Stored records
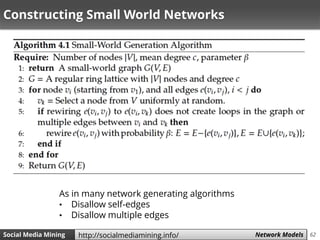 62Social Media Mining Measures and Metrics 62Social Media Mining Network Modelshttp://socialmediamining.info/
Constructing Small World Networks
As in many network generating algorithms
• Disallow self-edges
• Disallow multiple edges
 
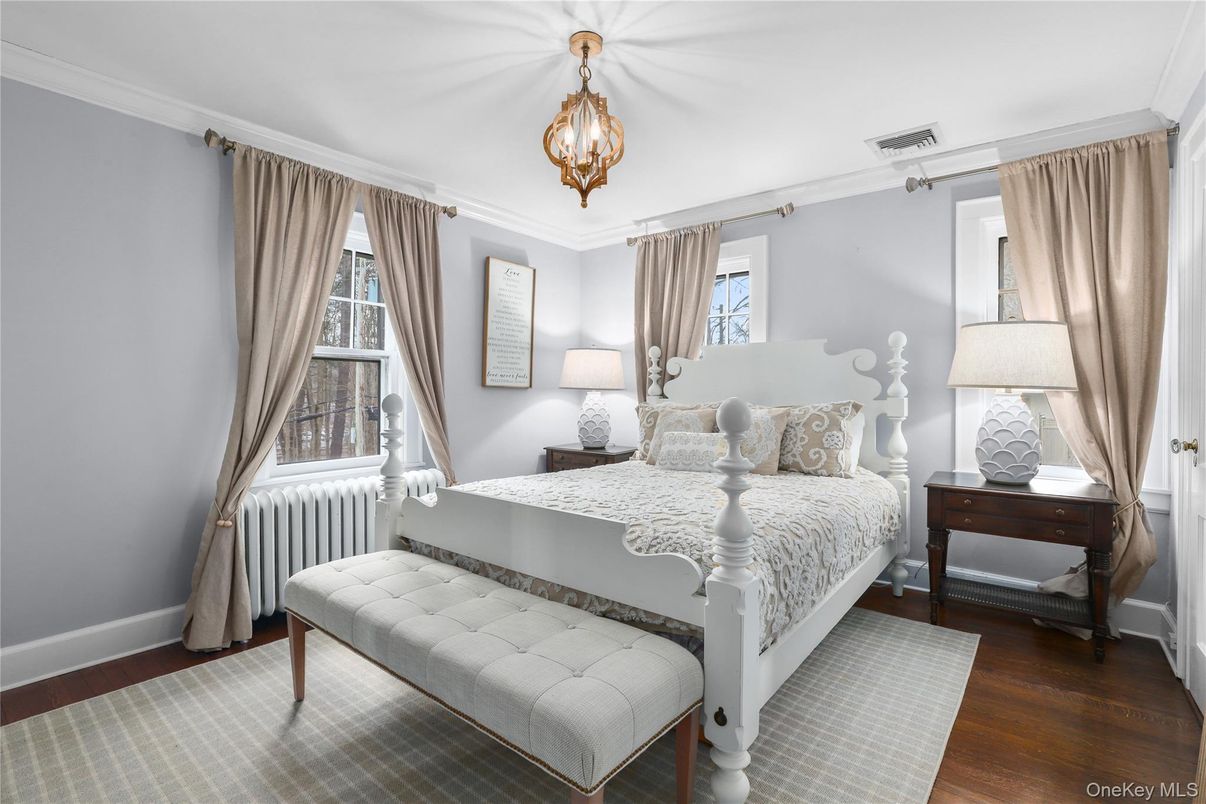 Bedroom, Chandelier, Interior, Wood Texture Flooring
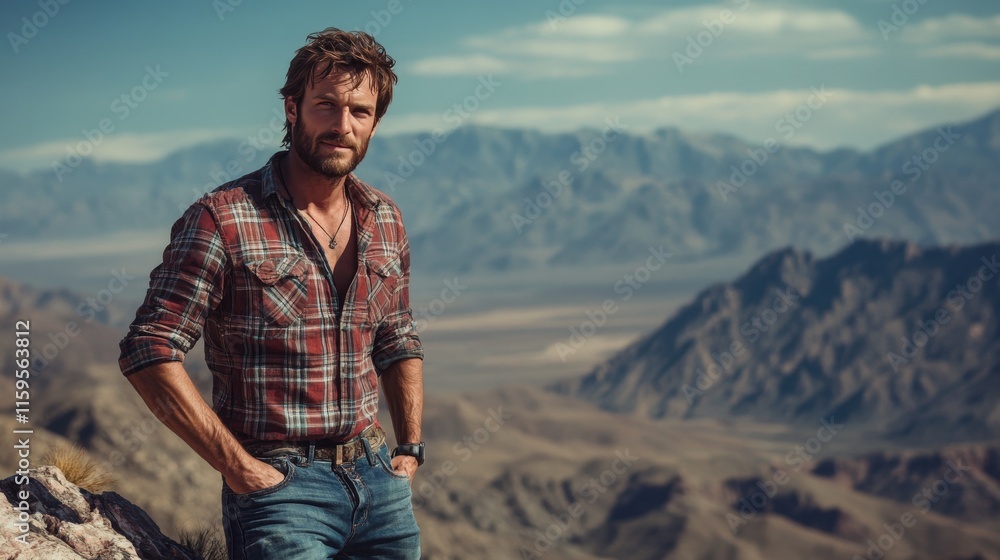 Fototapeta premium Rugged Man Stands Against Majestic Mountain Range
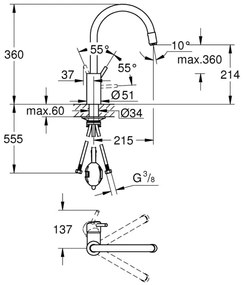 GROHE 32663003 - Baterie pentru chiuvetă CONCETTO 360 mm crom lucios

TASK TO COMPLETE
Word for word, write out each of the records, but not the pictures.

YOUR SOLUTION
 62Social Media Mining Measures and Metrics 62Social Media Mining Network Modelshttp://socialmediamining.info/
Constructing Small World Networks
As in many network generating algorithms
• Disallow self-edges
• Disallow multiple edges
 
 Bedroom, Chandelier, Interior, Wood Texture Flooring
 Fototapeta premium Rugged Man Stands Against Majestic Mountain Range
 GROHE 32663003 - Baterie pentru chiuvetă CONCETTO 360 mm crom lucios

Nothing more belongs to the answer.